Conta dei danni in tutta la provincia di Caserta e l’Alto Casertano dopo che pioggia e neve, e in queste ore ancora abbondanti precipitazioni, hanno creato non pochi disagi. Occhi puntati anche sui centri storici cittadini, Piedimonte Matese in particolare, dove l’incuria di anni ha reso ancor più fragile le strutture antiche che rischiano di cedere.
Ultimo fenomeno, in ordine cronologico, il tornato che ieri sera si è abbattuto su Caserta e dintorni e divelto tettoie, pali di corrente, sollevato roulotte e automobili provocato danni a cose e mandato alcune persone in ospedale.
Anche nel Matese non si contano più le buche nell’asfalto, le siepi e i fossati distrutti, i valloni colmi di detriti e rami.
È questo il bilancio degli ultimi 15 giorni, con le peggiori conseguenze sulle strade per decine di automobilisti: davvero in tanti hanno sporto denuncia ai Carabinieri contro i Comuni del Matese o la Provincia di Caserta per aver subito il danno a pneumatici e ammortizzatori nell’impatto con le buche del manto stradale. Susseguirsi di polemiche da parte dei cittadini che vorrebbero strade nuove implorando la tempestività delle Amministrazioni, ma soprattutto la qualità dei materiali impiegati per le riparazioni.
I danni ai centri storici
Ci sono danni tuttavia, ben oltre l’occhio critico di automobilisti e passanti, che rivelano uno degli aspetti più spinosi di questa vicenda fatta di buche o gomme forate. Si tratta dei centri storici cittadini, ormai lasciati all’incuria e alle intemperie da anni e che sotto piogge abbondanti come le “nostre” finiscono per cedere, o peggio ancora, per rimanere un cumulo di macerie non più recuperabili.
Il caso si è presentato alle mura romane che circondano la città di Alife, al borgo medievale di Prata Sannita e in termini ancor più concreti all’antico borgo di San Giovanni a Piedimonte Matese.

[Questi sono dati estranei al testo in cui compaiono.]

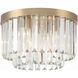Hayes 4 Light 16 inch Aged Brass Flush Ceiling Light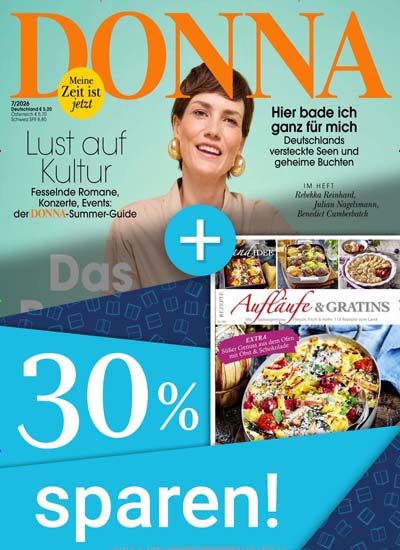 Titelbild der Ausgabe 7/2026 von Donna Zeitschriften Bundle. Diese Zeitschrift und viele weitere Frauenzeitschriften als Abo oder epaper bei United Kiosk online kaufen.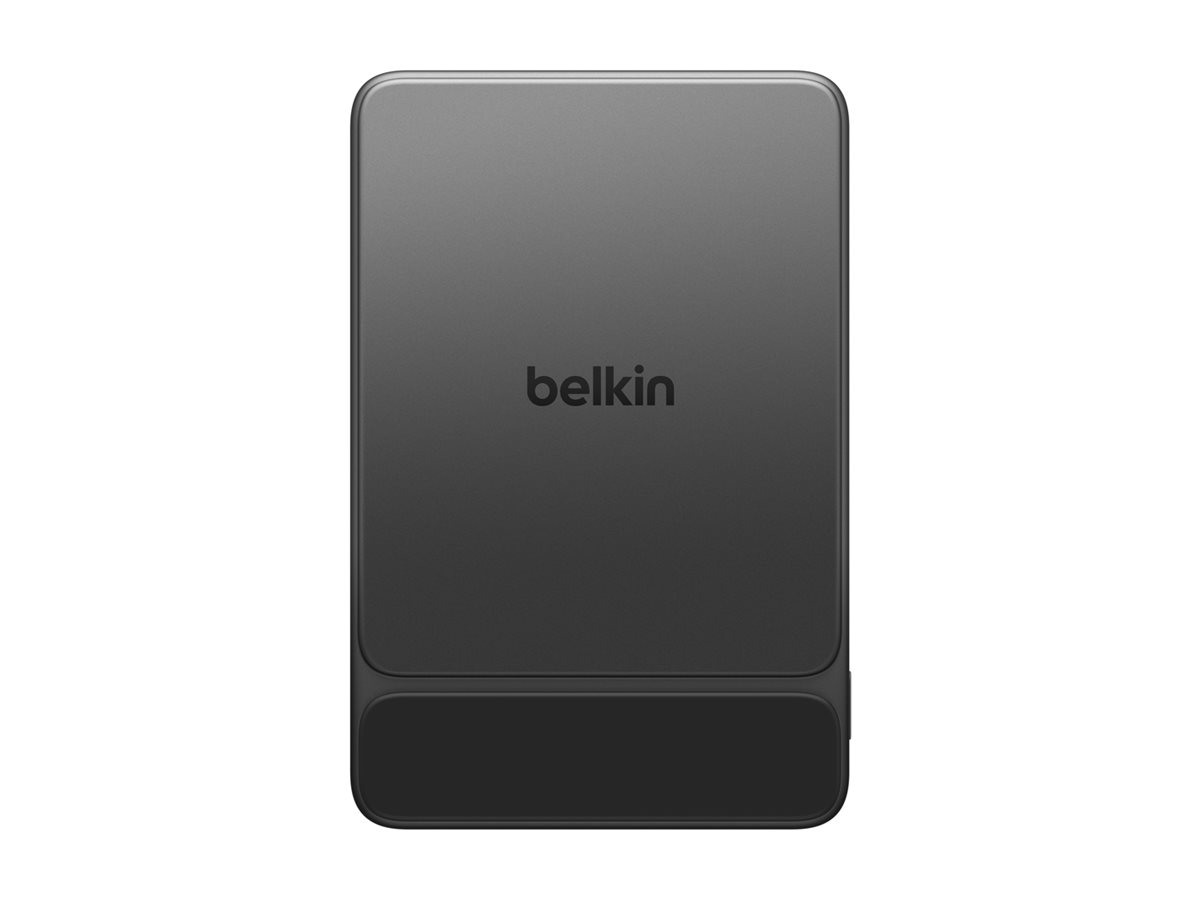 Belkin UltraCharge power bank slim magnetic USB-C 30 Product shot with extra item(s) Left side 77636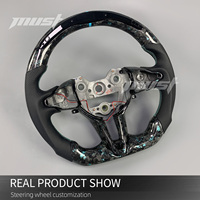 Accessoires intérieurs pour Hyundai I30N I20N Elantra N N-line Fastback, volant personnalisé en fibre de carbone forgée avec LED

A fare da faro su questo suggestivo angolo urbano sono i cittadini che ancora vi risiedono e i tanti escursionisti che l’attraversano per raggiungere a piedi Castello del Matese (il quartiere di San Giovanni è attraversato dal sentiero CAI); sono loro ad oggi gli unici in grado di monitorarne lo stato si salute, misurando la gravità di condizioni che peggiorano da anni.

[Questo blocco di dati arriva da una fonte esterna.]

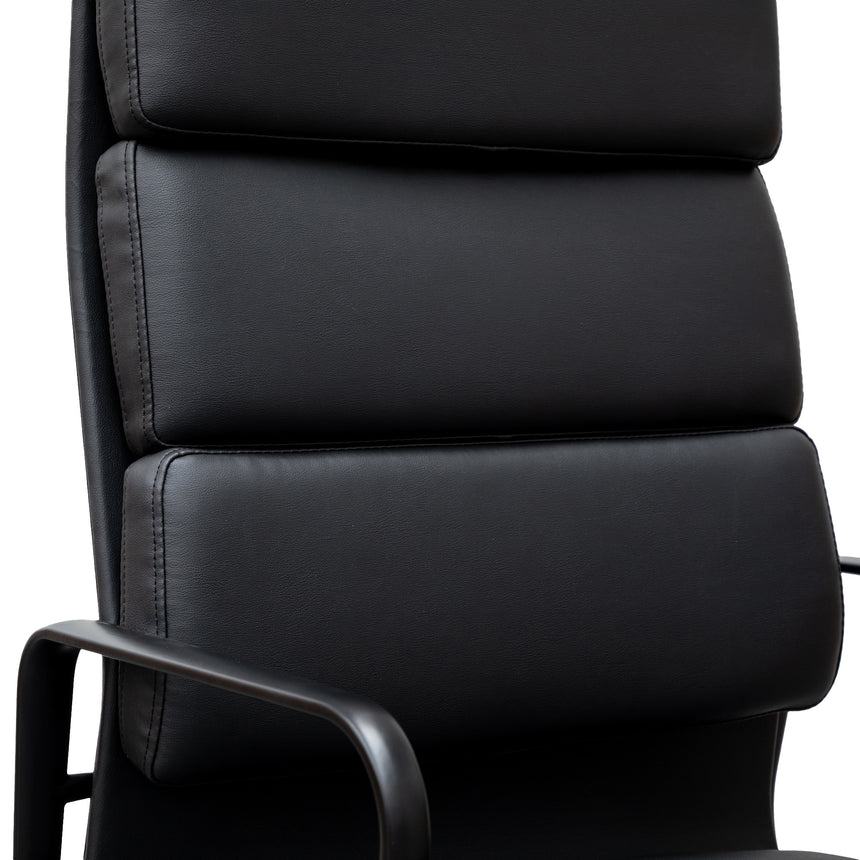 High Back Office Chair | Full Black | Myka Home - View 12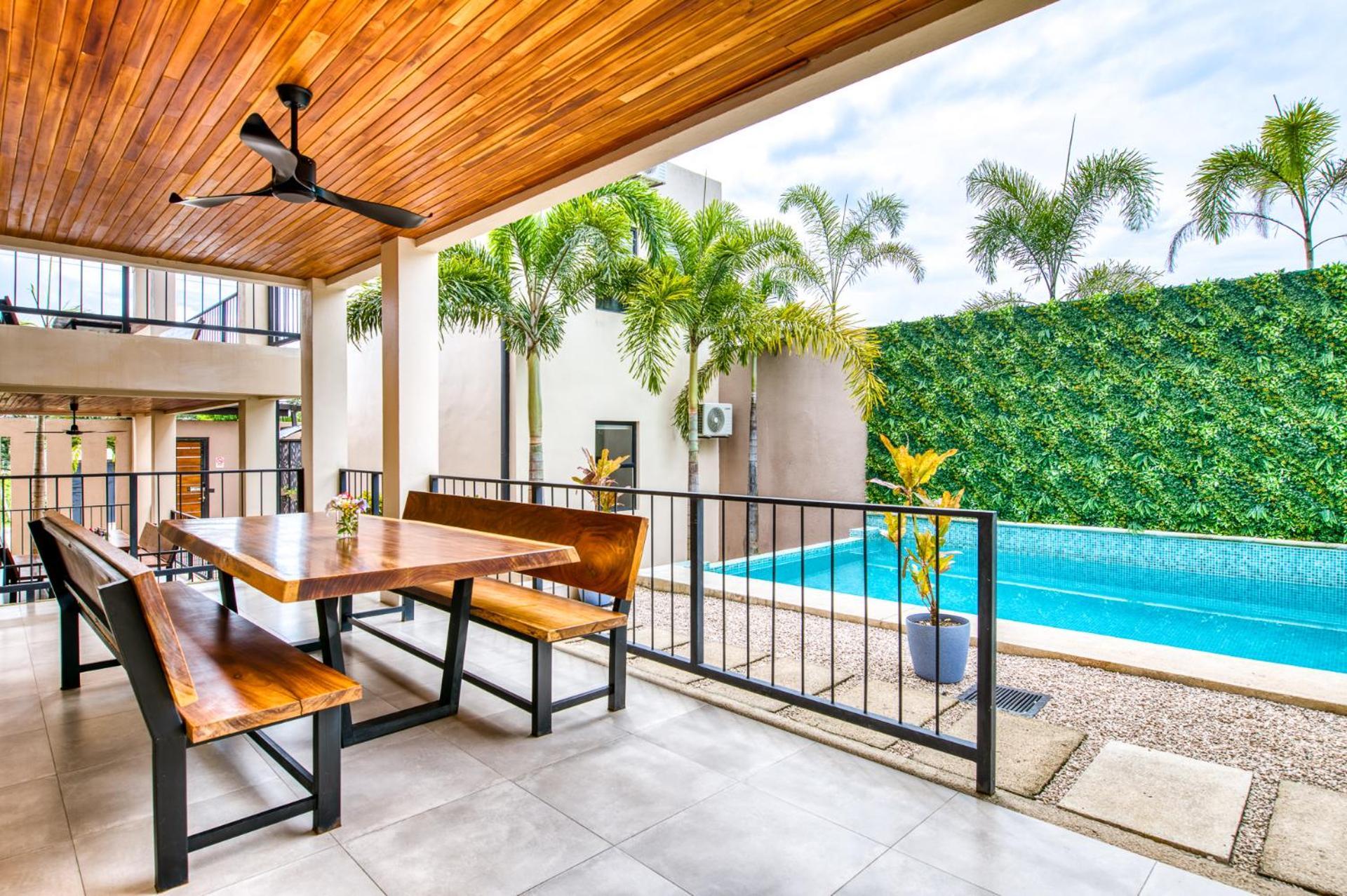 Apartment mit Gartenblick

La pioggia ha solo dato l’ultima sferzata a quelle case abbandonate da decenni, alle murelle che arginano i terreni, ai sentieri già “provati” da incuria e abbandono o dall’assenza perpetrata di una manutenzione (ordinaria) di cui necessitano. Qui il crollo della parete di un’abitazione già fatiscente ha provocato l’abbattimento di un palo Telecom.
Siamo in uno degli angoli più amati dai piedimontesi, uno spazio che è scrigno di storia antica; cammino – oggi come ieri – per chi sceglie la montagna e i suoi silenzi ma che per contrappasso sta subendo il tonfo di un altro silenzio, quello della cultura degli spazi da rivivere, rivisitare e tornare ad abitare.
Le piogge, metaforicamente fenomeni che ripuliscono e risanano, in questo caso rivelano l’ossatura fragile di un borgo e quella altrettanto caduca di una gestione (pubblica e privata) da risanare prima che sia troppo tardi.
L’appello non è soltanto alla politica vessata da questa ed altre emergenze, ma anche al buon senso di partecipazione di cittadini, associazioni, gruppi spontanei ad essere custodi della loro città, anche soltanto rispettando un divieto di transito collocato per sicurezza (vedi Scalelle, largo San Domenico), anche soltanto rinunciando ad abbandonare rifiuti in ogni angolo facendo il possibili perché appaia meno malato di come è realmente.